Outre ses prérogatives relatives à l’institution des courses (approbation des statuts des sociétés mères, du code des courses dans chaque spécialité et du calendrier des courses supports de paris on et off line; définition des statuts types des sociétés de courses…), le ministre de l’agriculture désigne deux des quatre représentants de l’État au conseil des administrateurs du PMU.

Il cosigne avec le ministre du budget les textes relatifs aux paris hippiques ainsi que les lettres adressées annuellement au PMU s’agissant de son programme commercial, de son plan d’actions « anti-blanchiment » et de son plan de lutte contre le jeu excessif, examinés au préalable par la commission consultative pour la mise en œuvre de la politique d’encadrement des jeux et paris sous droits exclusifs (COJEX). En pratique, toutefois, le ministère de l’agriculture est davantage chef de file pour les dossiers techniques liés aux courses, tandis que le ministère du budget l’est pour les sujets financiers.

4 - Des ministères concernés mais moins impliqués : la santé et le sport

Les ministres chargés respectivement de la santé et des sports sont cosignataires de la plupart des textes relatifs aux jeux. Ils ne jouent qu’un rôle marginal dans l’élaboration des normes.

C’est particulièrement étonnant pour ce qui est du ministère de la santé alors même que l’un des motifs qui, dans la jurisprudence européenne, légitiment le traitement des jeux comme une prestation de service d’une nature particulière et permettant aux États-membres de règlementer, est la protection de la santé publique. L’organisation du ministère qui a décentralisé de nombreuses compétences à des agences spécialisées explique sans doute cette discrétion. Il est néanmoins du rôle des services ministériels d’apporter, dans leur champ de compétence, leur contribution à l’élaboration des politiques publiques.

Pour ce qui est du ministère chargé des sports, il est plus dans une posture de client. Il faut relever son implication dans la lutte contre les manipulations sportives.

5 - L’émergence du ministère de l’économie, de l'industrie et du numérique Ce ministère a, sur la période récente, porté des projets de modifications législatives susceptibles d’avoir un impact important sur le secteur des jeux. Il l’a fait d’abord au titre de la protection du consommateur, compétence assurée par la DGCCRF ; puis du développement de l’économie numérique, compétence de la direction générale des entreprises (DGE), sans que l’on discerne de cohérence.

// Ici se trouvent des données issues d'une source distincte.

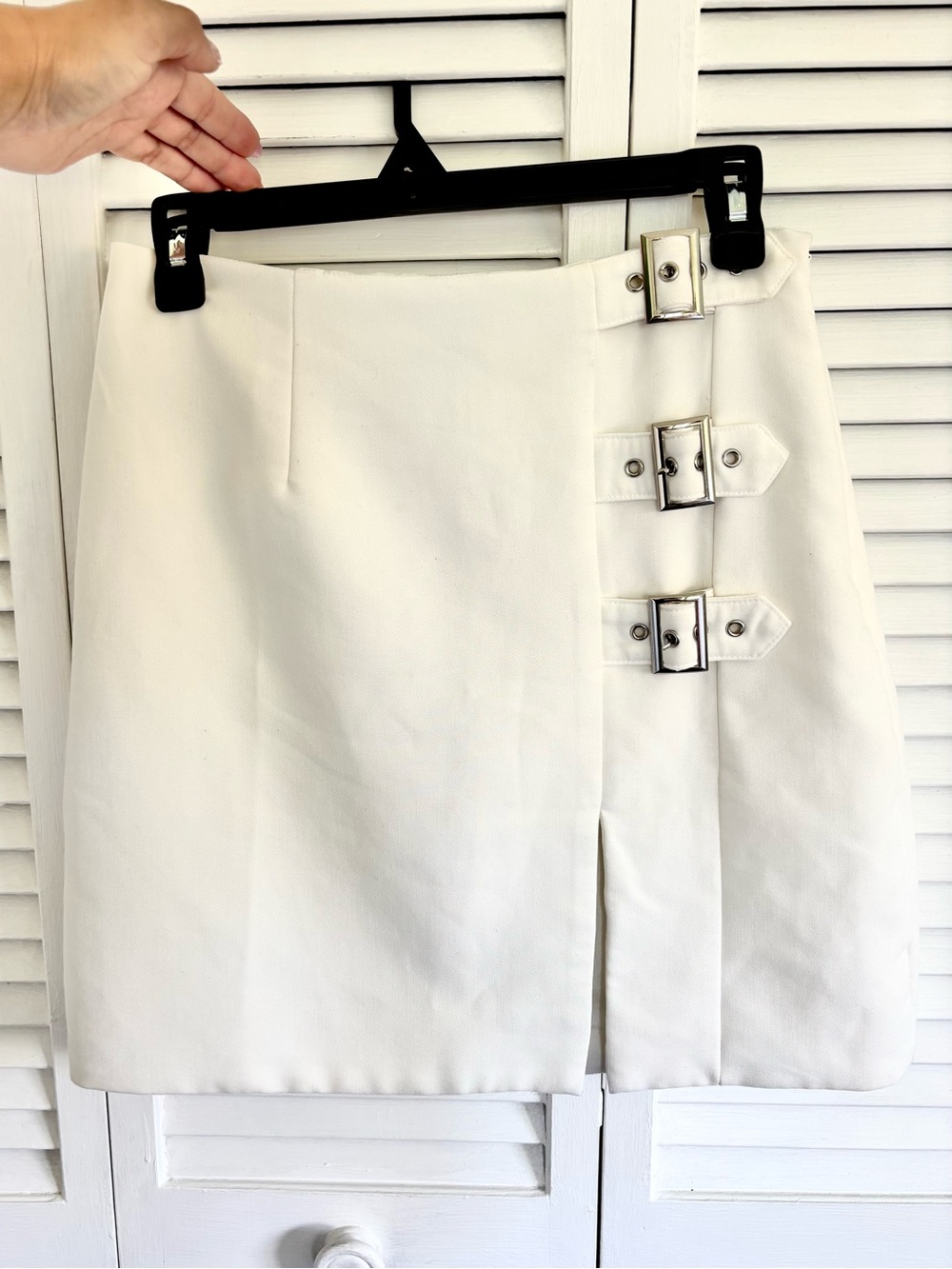 DO+BE White Mini Buckle Skirt Retro Skate SIZE M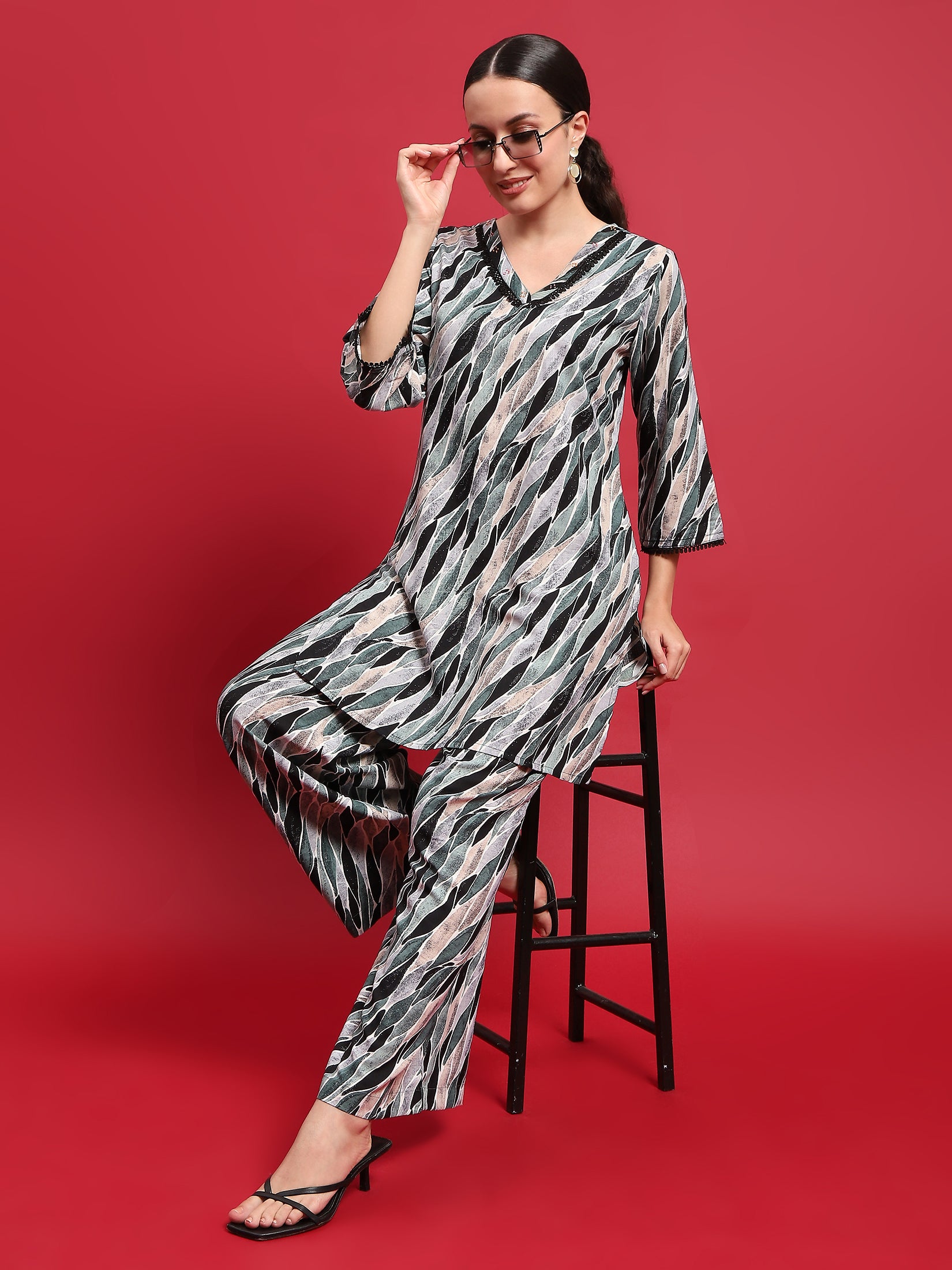 12496GREENBLACK_detail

Absent de la tutelle des jeux, le ministère de l’économie est logiquement concerné par leur régulation qui vise un équilibre entre des agents économiques et des objectifs d’intérêt général.

a)Le renforcement de la prohibition par la loi consommation

Le secteur des jeux n’est pas l’apanage d’une frange particulière de la population. Elle concerne 40 millions de Français. La protection du consommateur devient un élément de la politique des jeux mais doit tenir compte des risques propres à cette activité. C’est ainsi que la loi consommation131 de 2014 a quelque peu modifié la définition même des jeux d’argent et de hasard dans un sens plus restrictif, en évacuant le critère du hasard pour englober les jeux d’adresse.

b)Les ouvertures de la loi République numérique132

Le développement de l’économie numérique constitue un enjeu d’importance pour la France. La loi comporte des dispositions (articles 101 et 102) relatives au développement des compétitions de jeux vidéo qui visent, selon l’exposé des motifs, à les « exempter des interdictions fixées par les articles L. 322-1 à L. 322-2-1 du code de la sécurité intérieure, afin de permettre leur développement ».

Dans la mesure où d’ores et déjà des paris sont pris sur ces compétitions de jeux vidéo, en dehors de toute règlementation, il conviendrait d’envisager des modalités de régulation de ce segment très lié à l’organisation même de la compétition (cf. supra).

131 Loi n° 2014-344 du 17 mars 2014 relative à la consommation dite loi Hamon.

132 Loi n° 2016-1321 du 7 octobre 2016 pour une République numérique.